Taking one of the trained models of Table 3 corresponding to a split with 100% MR (14 subjects of 2,837 images) and 100% CT images (14 subjects of 1,837 images)4, we learn posthoc a logistic regression classifier (using the same training data) to predict the image modality (MR or CT) from the modality factor z. The learned regressor is able to correctly classify the input images as CT or MR, on a held out test set (3 subjects of 420 images for MR and 3 subjects of 387 images for CT) 92% of the time. To find whether there is a single z dimension that captures best this binary semantic component (MR or CT) we repeat 8 independent experiments training 8 single input logistic regressors, one for each dimension of z. We find that z5 obtains an accuracy of 82%, whereas the remaining dimensions vary from 42% to 66% accuracy. Thus, a single dimension (in this case z5) captures most of the intensity differences between MR and CT which are global and affect all areas of the image.
In a second complementary experiment we perform the same logistic regression classification to discriminate between cine-MR and CP-BOLD MR images (which are also cine, but contain additionally oxygen-level dependent contrast). Here, SDNet and the logistic regression model are trained using 95 cine-MR and 214 CP-BOLD images from 7 subjects, and evaluated on a test set of 27 and 31 images from 1 subject respectively. Unlike MR and CT which are easy to differentiate due to differences in signal intensities across the whole anatomy, BOLD and cine exhibit subtle spatially and temporally localised differences that are modulated by the amount of oxygenated blood present (the BOLD effect) and the cardiac cycle and these are most acute in the heart.5 Even here the classifier can detect BOLD presence with 96% accuracy, when all dimensions of z are used. When each z dimension is used separately, accuracy ranges between 47% and 65%, and thus no single z dimension globally captures the presence (or lack) of BOLD contrast.

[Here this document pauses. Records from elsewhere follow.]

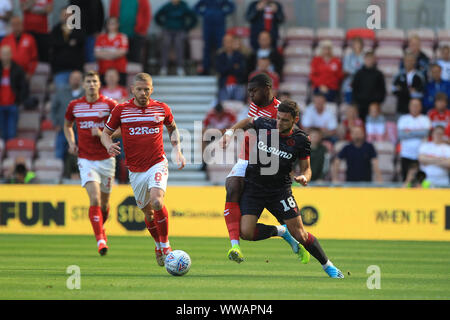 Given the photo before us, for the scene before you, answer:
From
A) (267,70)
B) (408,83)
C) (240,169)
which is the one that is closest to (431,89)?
(408,83)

These findings are revealing and have considerable implications. First they show that our modality factor z does capture modality specific information which is obtained completely unsupervised, and depending on context and complexity of the imaging modality, a single z dimension may capture it almost completely (in the case of MR/CT). This also implicitly suggests that spatial information may be captured only in s. 6
More importantly, it opens the question of how the spatial and modality factors interact to reproduce the output. We address these questions below using latent space arithmetic.
5.5. Latent space arithmetic
Herein we demonstrate the properties of the disentanglement by separately examining the effects of anatomical and modality factors on the synthetic images and how modifications of each alter the output. For these experiments we consider the model from Table 1, trained on ACDC using 100% of the labelled training images.

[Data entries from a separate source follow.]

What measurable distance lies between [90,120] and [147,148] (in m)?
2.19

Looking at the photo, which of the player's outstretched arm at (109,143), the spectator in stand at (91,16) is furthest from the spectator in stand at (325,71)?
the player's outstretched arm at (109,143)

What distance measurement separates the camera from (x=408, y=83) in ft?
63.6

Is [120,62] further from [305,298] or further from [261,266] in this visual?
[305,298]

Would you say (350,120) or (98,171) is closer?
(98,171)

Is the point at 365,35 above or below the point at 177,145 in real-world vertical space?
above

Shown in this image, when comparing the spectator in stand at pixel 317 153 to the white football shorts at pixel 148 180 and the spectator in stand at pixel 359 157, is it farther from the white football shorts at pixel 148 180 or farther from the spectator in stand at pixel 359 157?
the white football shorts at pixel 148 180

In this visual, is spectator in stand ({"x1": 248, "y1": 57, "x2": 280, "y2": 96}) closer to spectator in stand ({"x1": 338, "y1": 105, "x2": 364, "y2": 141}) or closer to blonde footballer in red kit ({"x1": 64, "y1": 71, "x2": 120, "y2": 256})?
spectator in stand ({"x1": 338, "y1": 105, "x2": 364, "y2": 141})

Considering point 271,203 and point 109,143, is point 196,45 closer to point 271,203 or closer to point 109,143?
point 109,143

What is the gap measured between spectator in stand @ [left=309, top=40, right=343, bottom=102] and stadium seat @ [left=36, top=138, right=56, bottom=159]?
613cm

Arithmetic on the spatial factor s
We start with the spatial factor and in Figure 7 we alter the content of the spatial channels to qualitatively see how the decoder has learned an association between the position of each channel and different signal intensities of the anatomical parts. In all these experiments the z factor remains the same. The first two images show the input and the original reconstruction. The third image is produced by adding the MYO spatial channel with the LV spatial channel and by nulling (zeroing) the MYO channel. We can see that the intensity of the myocardium is now the same as the intensity of the left ventricle. In the fourth image, we swap the channels of the MYO with the one of the LV, resulting in reverse intensities for the two substructures. Finally, the fifth image is produced by randomly shuffling the spatial channels.
Arithmetic on the modality factor z
Next, we examine the information captured in each dimension of the modality factor. Since the modality factor follows a Gaussian distribution, we can draw random samples or interpolate between samples in order to generate new images. In this analysis, an image x is firstly encoded to factors s and z. Since the prior over z is an 8-dimensional unit Normal distribution, 99.7% of its probability mass lies within three standard deviations of the mean. As a result, the probability space is almost fully covered by values in the range [−3, 3]. By interpolating each z-dimension between −3 and 3, and whilst keeping the values of the remaining dimensions and s fixed, we can decode synthetic images that will show the variability induced by every z-dimension.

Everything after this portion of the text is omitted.